I was so thrilled with this, that after returning home to California, I wrote up one of my first academic articles about installing the water system of Ban Nam Jom. The journal Water International was so thrilled with it that they actually published it—one of my very first publications.
Anyway, earlier this year I returned to Phrae, and of course wanted to re-visit the sites of my Peace Corp glory. This was made easier because last year, using contacts I made while a Peace Corps Volunteer in 1980-1982, my daughter began teaching English at one of the schools in Phare. So I was able to borrow her pink scooter, and jamming a helmet on my head which was two sizes too small. The results of my Peace Corps edifice survey.
–Steve/Kevin’s bridge is gone! I asked around about it, and it was only vaguely remembered. When I went to the site of the bridge, I saw a brand new bridge. (Well, really not brand new, it is probably 20 years old.) As for the towers of the “Golden Gate Bridge of Phrae,” only one is still there, and it is covered with vines. The locals don’t even notice it any more. Steve/Kevin has been returned to anonymity.
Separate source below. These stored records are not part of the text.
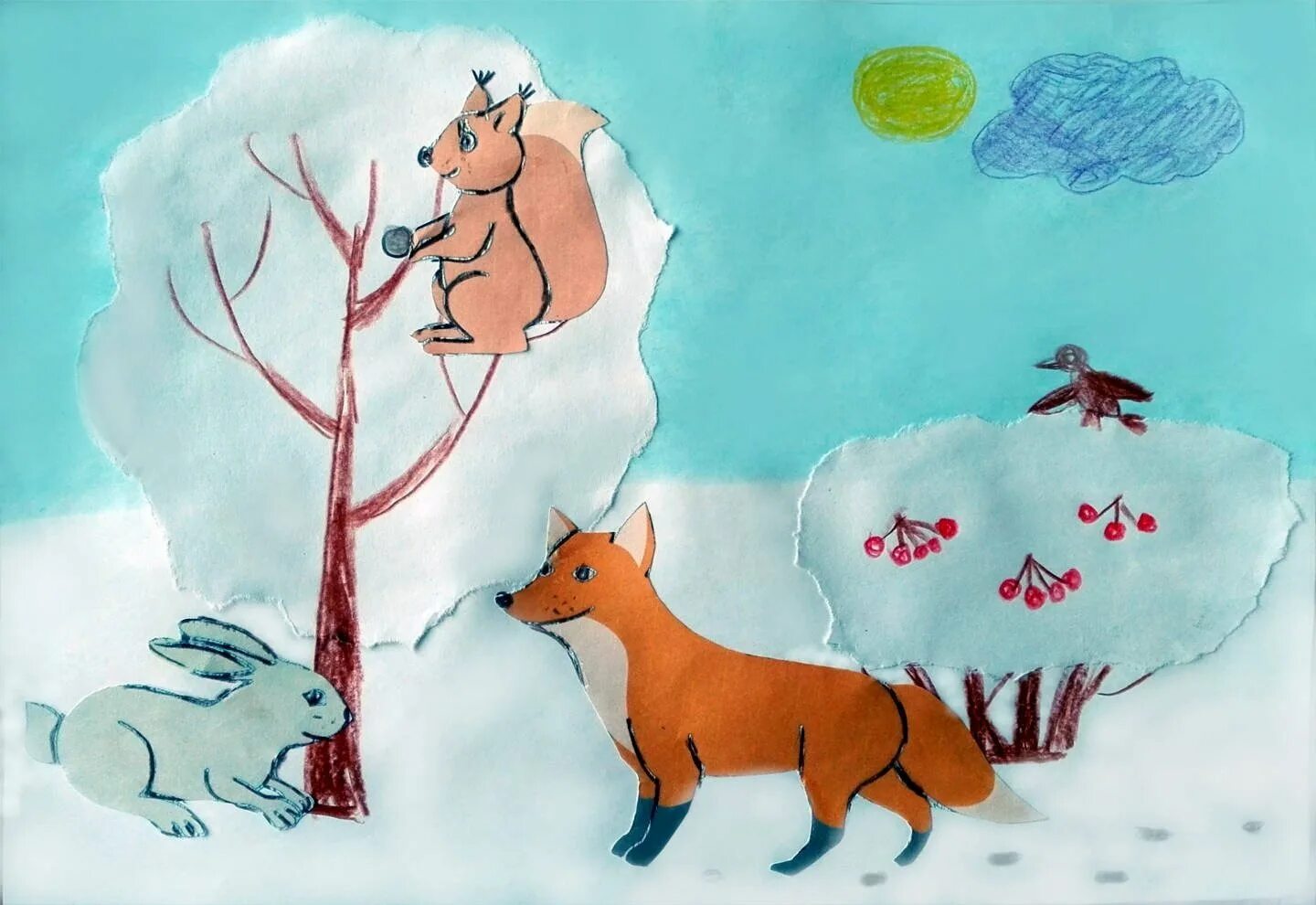 Рисование тема зима цель. Рисунок на тему зима. рисование дикие животные зимой. аппликация на тему животные зимой. рисование звери в зимнем лесу.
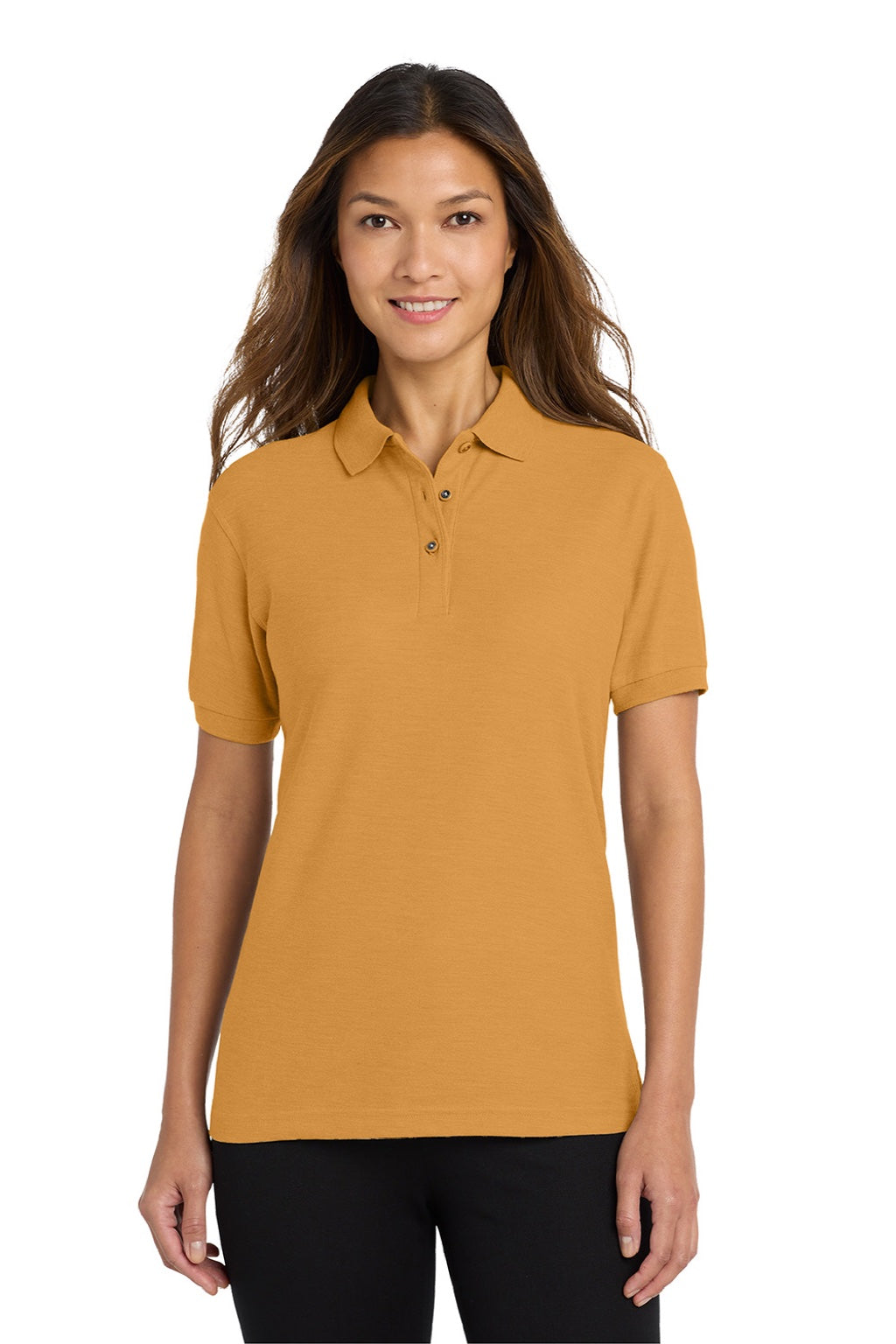 Port Authority L500 Womens Silk Touch Wrinkle Resistant Short Sleeve Polo Shirt Gold Model Front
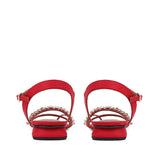 Annie Stone Embellished Red Nylon Fabric Sandals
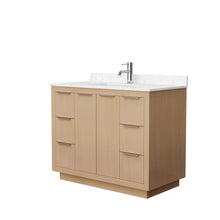 Load image into Gallery viewer, Wyndham Collection WCF282842SLSC2UNSMXX Maroni 42 Inch Single Bathroom Vanity in Light Straw, Light-Vein Carrara Cultured Marble Countertop, Undermount Square Sink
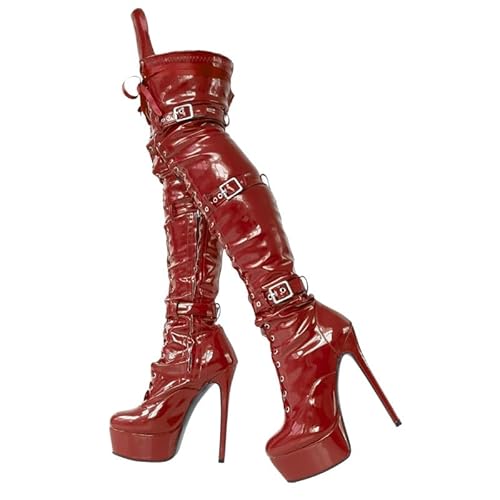 Veelau Meieer Plateau Stiletto Stiefel für Damen Overknee Schnürstiefel mit Riemen Schnallen und Reißverschluss Burgunderrot 46 EU von Veelau Meieer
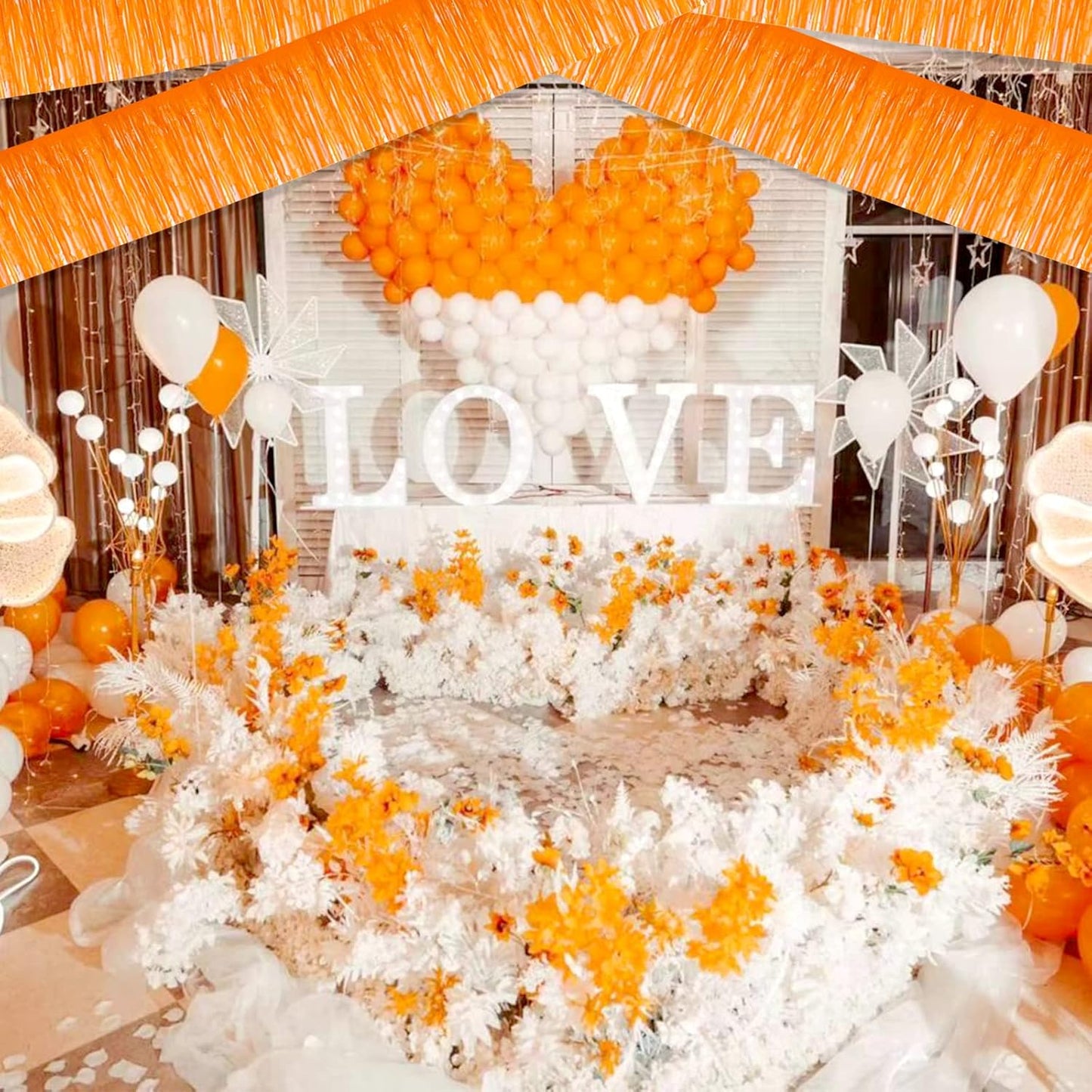 6 Pack 10 Feet Foil Fringe Garland Metallic Tinsel Streamers Banner Wall Hanging Backdrop Banner for Parade Floats, Thanksgiving, Christmas, Birthday, Halloween Party Decorations(Macaron Orange)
–I couldn’t find the malaria office where I worked for two years next to the DDT boxes. I think a row of businesses have been built on the parcel, but I couldn’t recognize which building it was, and these buidlings now look “old.” (Presumably they have very few mosquitoes though, the result of DDT’s long half life).
–A small hotel was built on top of where my house used to be—in fact it was finished just last year. I asked the family who owns the hotel what had happened to “my” house, and was told that they bought up the buildings, and knocked them down. They also mentioned that everyone was really happy about that because the houses were used for drug dealing, whiskey brewing, and who knows what else.
–I’ve kept in touch over the years with the ladies in the market who helped me learn to speak Thai. They’ve moved their shop across the street, but still settle noodles, as indeed the have for the last 35 or 40 years. They are still there selling noodles—it is the best Pad Thai in the world—if you want a referral, let me know. They are now teaching my 24 year old daughter Thai, too.
–We went out to find Nam Jom, and were told that it was no more—what was left of the village had been merged with a larger village. Ban Nam Jom is now in the middle of a national park, and depopulated—there were only a few houses left. The government has cracked down on illegal lumbering, so the work elephants are all gone. (Maybe if they are lucky, they will get the wild elephant population back!). No idea what happened to “my “ water system.
And so life goes on. What really remains are the relationships, and I suppose the fact that people in “my” Peace Corps town of Phrae continue to do more for me and my daughter, than I did for them. I seem to remember that somewhere in our training we were told that this would be the case—that the real edifice are in the relationships built. For the rest—it is all dust! Even for the engineers like Steve/Kevin.